Almost all pupils were set work during partial closures, but half of year 11s and 13s missed out

Almost all pupils were given some remote learning tasks by their teachers during partial school closures, but year 11 and 13 pupils were far less likely to receive work to do at home, according to new research.

Analysis of a survey of 40,000 UK households by the National Foundation for Educational Research found 90 per cent of parents whose children were not attending school in April 2020 reported their children received “some school work to complete at home”.

This was higher among primary and key stage 3 pupils, at least 94 per cent of whom were given some work to do.

However, only around three quarters of pupils at key stages 4 and 5 were given work to do at home, and analysis by age suggests almost half of year 11 and 13 pupils were not assigned any.

Jack Worth, lead economist at NFER, said it was “particularly concerning that so many year 11 and 13 pupils spent little or no time engaging in learning activities”.

“From September, these young people, particularly those from disadvantaged backgrounds, will need more support than ever after what will have been a six-month gap in their education.”

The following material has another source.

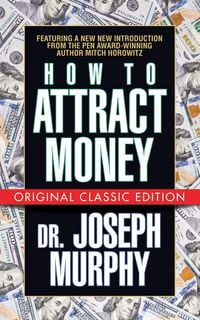 Produktbild: How to Attract Money (Original Classic Edition)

It comes amid mounting concern about learning missed by certain groups of pupils, particularly those at the end of their phase of study, and disadvantaged youngsters.

NFER’s research, based on data from the UK household longitudinal study, found that on average, pupils from higher-income households spent more time on school work.

For example, 41 per cent of secondary pupils from the highest-income households did at least four hours a day, compared to 23 per cent of those from the lowest-income households.

However, the research also found that parents in lower-income households spent more time helping with school work than those in better-off households.

The research also follows a dispute over whether schools have been providing enough work, particularly when it comes to online lessons.

Although government guidance states that there is “no expectation that teachers should live stream or provide pre-recorded videos”, some politicians have argued that those that have not done so are failing their pupils.

According to NFER’s analysis, offline lessons were much more frequent than online lessons.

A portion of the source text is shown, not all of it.